## WHAT THIS TASK INVOLVES
For every line in the material, print that line exactly.

## INFORMATION SUPPLIED
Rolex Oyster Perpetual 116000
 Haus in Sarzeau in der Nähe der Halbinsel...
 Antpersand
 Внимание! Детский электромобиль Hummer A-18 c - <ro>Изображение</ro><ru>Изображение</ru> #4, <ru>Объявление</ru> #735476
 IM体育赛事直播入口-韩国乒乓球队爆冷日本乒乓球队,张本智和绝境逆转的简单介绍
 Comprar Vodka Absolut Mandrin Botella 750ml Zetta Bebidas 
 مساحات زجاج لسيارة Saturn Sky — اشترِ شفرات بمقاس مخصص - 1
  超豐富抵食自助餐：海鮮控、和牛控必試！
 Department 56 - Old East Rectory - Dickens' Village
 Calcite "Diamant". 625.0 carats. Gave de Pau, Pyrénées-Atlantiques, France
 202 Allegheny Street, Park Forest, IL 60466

## ANSWER TO THIS PROBLEM
Rolex Oyster Perpetual 116000
 Haus in Sarzeau in der Nähe der Halbinsel...
 Antpersand
 Внимание! Детский электромобиль Hummer A-18 c - <ro>Изображение</ro><ru>Изображение</ru> #4, <ru>Объявление</ru> #735476
 IM体育赛事直播入口-韩国乒乓球队爆冷日本乒乓球队,张本智和绝境逆转的简单介绍
 Comprar Vodka Absolut Mandrin Botella 750ml Zetta Bebidas 
 مساحات زجاج لسيارة Saturn Sky — اشترِ شفرات بمقاس مخصص - 1
  超豐富抵食自助餐：海鮮控、和牛控必試！
 Department 56 - Old East Rectory - Dickens' Village
 Calcite "Diamant". 625.0 carats. Gave de Pau, Pyrénées-Atlantiques, France
 202 Allegheny Street, Park Forest, IL 60466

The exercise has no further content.